Rising, literally. With a chic lobby suspended on the 53rd floor of China's tallest building — and a gleaming ensemble of cloud-top dining establishments — the new Grand Hyatt hotel in the Pudong district announces the city's coming-of-age with a lofty swagger. In a nod to the moody Deco of 1930's Shanghai, the firm of Skidmore, Owings & Merrill designed a Gothamesque 88-story office tower (the hotel occupies 34 floors at the top) dramatically sheathed in an aluminum grid. The interior is a millennial reverie of Deco allusions, glass and steel, and heart-stopping views.
The Grand Hyatt's Cucina serves authentic Italian pastas prepared by a Milanese chef. Kobachi has a sleek yakitori bar, not boring tatami rooms. At Canton, the haute Chinese dining room, you can go for expense-account shark's fin soup or luck into, as I did, a regional degustation. Dinner and décor merged in my head—was it jet lag or vertigo?Spongy monkey-head mushrooms from Yunnan in Thai satay sauce. Inlaid terrazzo floors. A whole turtle in broth (shell and all). Piped-in "O Sole Mio." Highland moss with shredded chicken. High-tech Orientalism, strawberry flambé, new-wave Deco. Phew! Post-post-postmodernism?
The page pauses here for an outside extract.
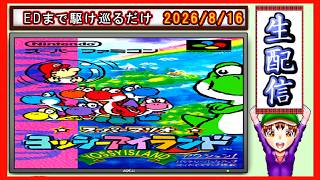コツ生【ヨッシーアイランド】雑談しつつEDまで走ります 2026/8/16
Meanwhile, back on the ground. . . . Anyone who's gorged on dumplings and noodles on the streets of Hong Kong or Singapore would be tempted to follow suit in Shanghai. Er, maybe not. The unlovely local custom of spitting in public, plus menacing newspaper headlines about outbreaks of TB, should give pause to even die-hard street snackers. (The better restaurants are perfectly safe.) One Shanghainese treat I'd expire for is xiao long bao—a bamboo steamer of quivering apricot-sized dumplings with a complex soupy filling of pork or crab. Plunk a bao on a spoon, then dab on some shredded ginger and black-vinegar sauce. Take a small bite, tilt your head back, and let the thick, fragrant broth squirt into your mouth.
For a perfectly sanitary if somewhat touristic bao fix, consider Lu Bo Lang—an old stalwart, lacquered, gilded, and chandeliered by the state. My dumpling sampler was fine, but I'll never forget the stuffed duck: a gigantic mound of meltingly tender bird with a sweet mahogany sheen and a sticky filling of glutinous rice. As I ate, I wondered why gourmands from elsewhere in China often scoff at Shanghainese cuisine. They worship the throat-searing heat of Szechwan seasonings. They swoon over the pure precious flavors of Canton. But food from Shanghai?"Too sweet!" they grimace. They're missing the point: it's the aromatic sweetness, brownness, and sauciness that makes Shanghai's cuisine so irresistible—the ultimate comfort food.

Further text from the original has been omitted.